Quote the lines below from the one containing "La muestra 'En" to the final line, both ends included; exclude the pictures.
++++ Data extract
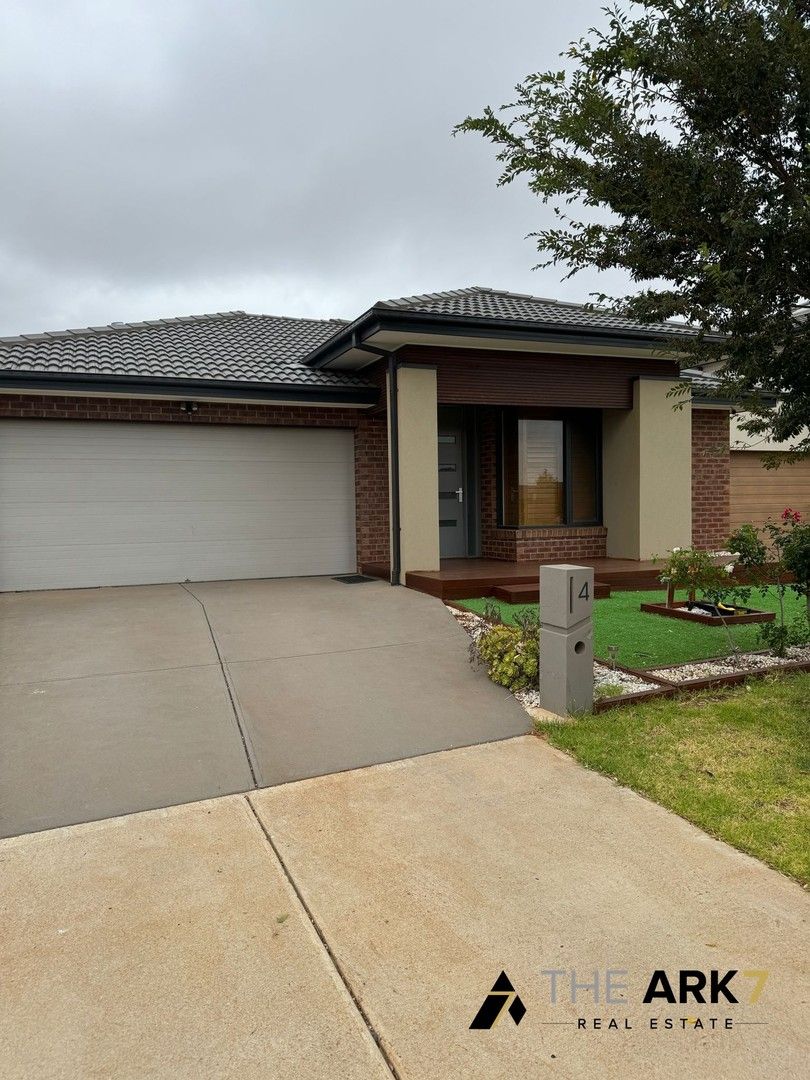 4 Roehampton Drive, Strathtulloh VIC 3338, Image 0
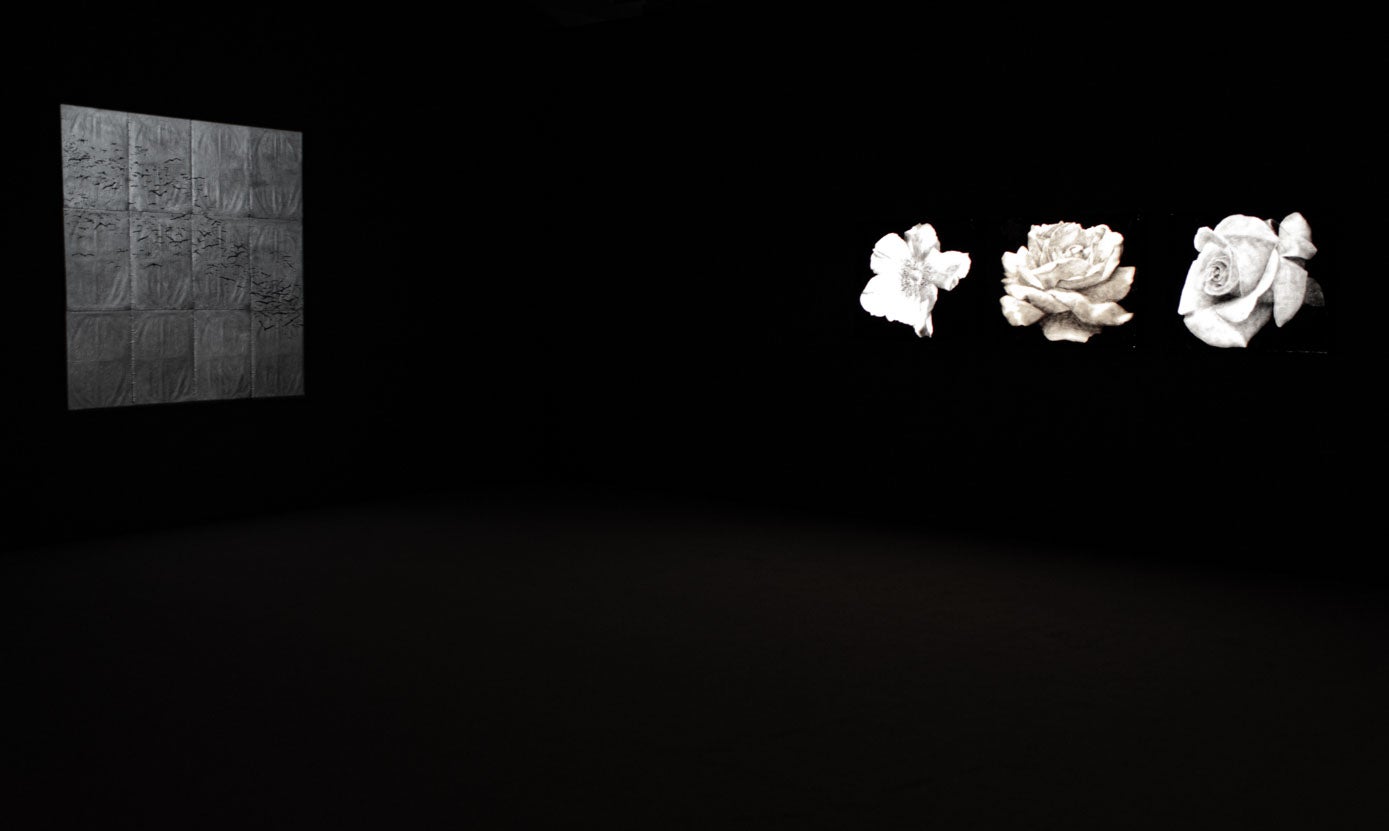 La muestra 'En el jardín de las nubes' recoge 17 obras del artista fallecido hace un año.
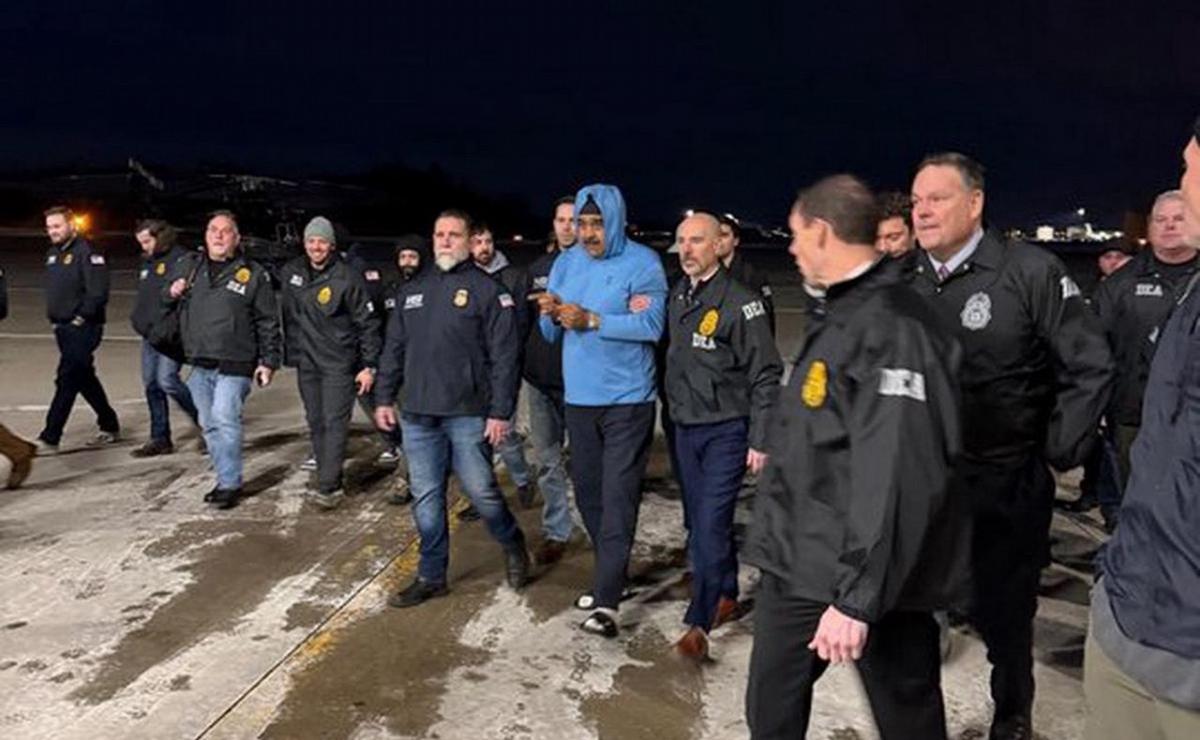 Nicolás Maduro escoltado por la DEA.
++++++++
■ **Solved exercise**
 La muestra 'En el jardín de las nubes' recoge 17 obras del artista fallecido hace un año.
 Nicolás Maduro escoltado por la DEA.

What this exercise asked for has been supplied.